Biochar/polypropylene composites (BPCs) have great potential in automobiles and building materials due to their ease of processing and light weight. However, the inferior interfacial bonding strength between biochar and polypropylene (PP) and flammability of PP often result in the weak mechanical properties and poor flame retardancy of BPCs, which limit the practical applications of BPCs. Herein, graphene oxide (GO) is used as an active interfacial modifier to prepare graphene-reed charcoal/polypropylene (G-RC/PP) composites. Benefiting from the mechanical interlocking effect formed by GO, the G-RC/PP composites exhibit higher tensile and flexural strengths.
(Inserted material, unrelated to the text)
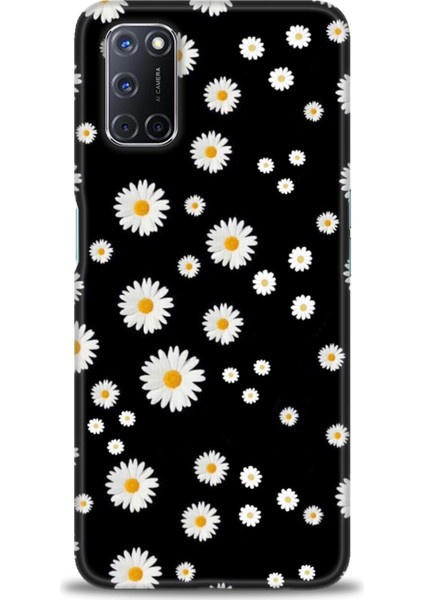 Oppo A72 Kılıf Hd Baskılı Kılıf + Seramik Tam Kaplayan Ekran Koruyucu 131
When 1 % of GO was added (relative to mass of RC), the tensile and flexural strengths were 22.84 MPa and 50.8 MPa, respectively, which are 16 % and 22.7 % higher than pure PP. Additionally, the barrier-adsorption-dilution synergetic effects of GO enhance both the thermal stability and flame retardance of the composites. The total heat release rate of G-RC/PP composites is reduced by 71.6 % compared to RC/PP when GO was added at 1 %, resulting in a substantial reduction in fire hazards. This study offers a fresh perspective on the development of biochar/plastic composites with exceptional mechanical properties and high fire safety towards extensive applications as automotive parts and building structures.